Others claim that raising the age limit to smoke takes away a fundamental right afforded to all adults. In the United States, one needs to be 18 to vote or fight for the country. For all intents and purposes, people are considered adults as soon as they turn 18. Adults should be able to make decisions on their own without interference of government regulations.

Support of Legislation

Despite the naysayers, there is plenty of support for this legislation. Many believe that nicotine enslaves smokers in their addiction. Most people are unable to quit smoking in spite of numerous attempts to quit. If teenagers are unable to buy tobacco legally, it reduces the chance that they will become addicted at a young age.

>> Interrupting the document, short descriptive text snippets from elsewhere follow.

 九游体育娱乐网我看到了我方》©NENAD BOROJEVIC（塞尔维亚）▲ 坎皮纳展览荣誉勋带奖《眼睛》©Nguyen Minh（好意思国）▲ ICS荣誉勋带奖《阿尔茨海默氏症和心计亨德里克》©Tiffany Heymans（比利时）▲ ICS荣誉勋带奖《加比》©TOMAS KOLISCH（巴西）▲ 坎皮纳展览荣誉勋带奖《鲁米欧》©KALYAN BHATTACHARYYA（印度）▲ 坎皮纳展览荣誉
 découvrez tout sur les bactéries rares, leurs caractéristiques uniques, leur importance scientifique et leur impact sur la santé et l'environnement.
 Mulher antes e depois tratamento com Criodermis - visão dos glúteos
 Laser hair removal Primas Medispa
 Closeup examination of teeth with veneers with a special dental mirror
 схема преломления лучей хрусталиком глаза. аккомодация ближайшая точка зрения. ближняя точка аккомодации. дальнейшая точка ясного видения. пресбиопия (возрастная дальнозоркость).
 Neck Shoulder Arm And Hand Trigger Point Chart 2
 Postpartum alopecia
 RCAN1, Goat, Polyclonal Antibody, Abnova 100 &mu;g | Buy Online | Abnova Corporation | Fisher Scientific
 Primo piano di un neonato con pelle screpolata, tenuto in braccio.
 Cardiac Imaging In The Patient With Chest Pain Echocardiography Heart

Others hope that policies that reduce or delay initiation of smoking could have a large impact on public health. Raising the legal minimum purchase age of cigarettes from 18 to 21 could be an effective way to reduce youth smoking by making it harder for them to buy cigarettes. The legislation may also reduce the number of legal buyers teenagers encounter in their normal social circles, further limiting their exposure to tobacco products. Supporters think the legislation will prevent young people from dying prematurely because of lung cancer, stroke, emphysema, and heart disease. The American Academy of Pediatrics agree, claiming that premature deaths would decrease by 223,000, while lung cancer related deaths would decrease by approximately 50,000 per year.

Studies also suggest that medical cost savings far outweigh costs incurred through enforcement or checking IDs. Individual retailers incur the cost of checking IDs and the state incurs costs on enforcement, but overall states save in reduced health care expenditures.